[PATCH] RISC-V: Allow unaligned accesses in cpymemsi expansion
Christoph Muellner
cmuellner@gcc.gnu.org
Thu Jul 29 14:33:56 GMT 2021
The RISC-V cpymemsi expansion is called, whenever the by-pieces
infrastructure will not be taking care of the builtin expansion.
Currently, that's the case for e.g. memcpy() with n <= 24 bytes.
The code emitted by the by-pieces infrastructure emits code, that
performs unaligned accesses if the target's
riscv_slow_unaligned_access_p is false (and n is not 1).
If n > 24, then the RISC-V cpymemsi expansion is called, which is
implemented in riscv_expand_block_move(). The current implementation
does not check riscv_slow_unaligned_access_p and never emits unaligned
accesses.
Since by-pieces emits unaligned accesses, it is reasonable to implement
the same behaviour in the cpymemsi expansion. And that's what this patch
is doing.
The patch checks riscv_slow_unaligned_access_p at the entry and sets
the allowed alignment accordingly.
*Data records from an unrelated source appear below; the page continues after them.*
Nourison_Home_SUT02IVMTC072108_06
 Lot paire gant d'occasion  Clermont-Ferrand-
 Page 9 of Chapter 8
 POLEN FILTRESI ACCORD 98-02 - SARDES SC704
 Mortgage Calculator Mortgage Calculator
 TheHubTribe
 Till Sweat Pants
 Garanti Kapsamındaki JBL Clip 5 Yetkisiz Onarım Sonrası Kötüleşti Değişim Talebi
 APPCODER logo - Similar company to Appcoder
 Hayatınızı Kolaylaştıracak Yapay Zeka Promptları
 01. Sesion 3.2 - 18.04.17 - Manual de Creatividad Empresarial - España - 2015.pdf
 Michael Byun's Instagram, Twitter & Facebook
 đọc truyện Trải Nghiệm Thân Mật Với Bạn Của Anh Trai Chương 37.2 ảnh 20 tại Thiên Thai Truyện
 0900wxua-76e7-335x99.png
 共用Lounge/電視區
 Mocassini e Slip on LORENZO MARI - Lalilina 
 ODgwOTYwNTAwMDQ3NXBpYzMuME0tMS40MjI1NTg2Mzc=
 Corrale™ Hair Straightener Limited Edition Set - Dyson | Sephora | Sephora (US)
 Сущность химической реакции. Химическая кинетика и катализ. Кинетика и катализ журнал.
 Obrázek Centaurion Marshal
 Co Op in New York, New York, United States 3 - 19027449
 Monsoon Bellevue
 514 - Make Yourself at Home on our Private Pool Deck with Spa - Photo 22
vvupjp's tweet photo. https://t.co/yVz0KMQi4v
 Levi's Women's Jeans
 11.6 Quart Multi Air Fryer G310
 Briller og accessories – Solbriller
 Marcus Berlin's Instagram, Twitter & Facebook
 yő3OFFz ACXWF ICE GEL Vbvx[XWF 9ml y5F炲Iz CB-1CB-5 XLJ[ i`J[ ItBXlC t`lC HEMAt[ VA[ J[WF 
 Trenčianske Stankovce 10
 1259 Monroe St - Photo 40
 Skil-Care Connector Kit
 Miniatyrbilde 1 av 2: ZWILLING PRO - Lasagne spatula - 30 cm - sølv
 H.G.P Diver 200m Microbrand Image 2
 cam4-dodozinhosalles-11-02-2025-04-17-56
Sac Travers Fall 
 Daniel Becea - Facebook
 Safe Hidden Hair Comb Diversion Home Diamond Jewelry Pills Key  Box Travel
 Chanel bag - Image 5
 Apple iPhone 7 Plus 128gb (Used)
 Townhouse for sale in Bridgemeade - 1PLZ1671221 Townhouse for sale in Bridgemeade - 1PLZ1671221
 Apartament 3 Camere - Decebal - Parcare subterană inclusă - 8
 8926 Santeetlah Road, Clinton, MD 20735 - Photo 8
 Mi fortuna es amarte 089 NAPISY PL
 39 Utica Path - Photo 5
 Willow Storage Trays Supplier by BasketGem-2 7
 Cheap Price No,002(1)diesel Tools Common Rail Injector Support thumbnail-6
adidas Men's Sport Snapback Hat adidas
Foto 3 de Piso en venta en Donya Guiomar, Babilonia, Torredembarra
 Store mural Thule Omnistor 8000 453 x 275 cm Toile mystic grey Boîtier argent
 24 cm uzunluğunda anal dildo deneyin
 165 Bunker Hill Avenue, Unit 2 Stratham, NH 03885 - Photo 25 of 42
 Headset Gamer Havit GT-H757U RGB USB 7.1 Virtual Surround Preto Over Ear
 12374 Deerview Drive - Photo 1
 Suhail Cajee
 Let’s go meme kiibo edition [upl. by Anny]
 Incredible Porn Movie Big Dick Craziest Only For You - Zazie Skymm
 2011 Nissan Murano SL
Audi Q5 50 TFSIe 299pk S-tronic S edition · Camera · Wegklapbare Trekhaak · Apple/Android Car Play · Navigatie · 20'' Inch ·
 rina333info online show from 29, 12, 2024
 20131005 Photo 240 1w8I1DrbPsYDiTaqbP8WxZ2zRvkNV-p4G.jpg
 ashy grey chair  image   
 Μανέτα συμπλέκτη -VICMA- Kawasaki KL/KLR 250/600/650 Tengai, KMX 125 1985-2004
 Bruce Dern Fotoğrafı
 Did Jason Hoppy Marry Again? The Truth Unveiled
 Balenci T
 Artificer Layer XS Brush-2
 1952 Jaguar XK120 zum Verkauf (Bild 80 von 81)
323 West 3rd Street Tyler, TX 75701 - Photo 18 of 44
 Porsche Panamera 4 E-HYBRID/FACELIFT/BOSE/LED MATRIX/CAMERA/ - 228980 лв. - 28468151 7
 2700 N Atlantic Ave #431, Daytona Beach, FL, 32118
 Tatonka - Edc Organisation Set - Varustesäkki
This alignment is then propagated
down to the routines that emit the actual instructions.
Without the patch a memcpy() with n==25 will be exanded only
if the given pointers are aligned. With the patch also unaligned
pointers are accepted if riscv_slow_unaligned_access_p is false.
gcc/ChangeLog:
* config/riscv/riscv.c (riscv_block_move_straight): Add
parameter align.
(riscv_adjust_block_mem): Replace parameter length by parameter
align.
(riscv_block_move_loop): Add parameter align.
(riscv_expand_block_move): Set alignment properly if the target
has fast unaligned access.
gcc/testsuite/ChangeLog:
* gcc.target/riscv/builtins-strict-align.c: New test.
* gcc.target/riscv/builtins-unaligned-1.c: New test.
* gcc.target/riscv/builtins-unaligned-2.c: New test.
* gcc.target/riscv/builtins-unaligned-3.c: New test.
* gcc.target/riscv/builtins-unaligned-4.c: New test.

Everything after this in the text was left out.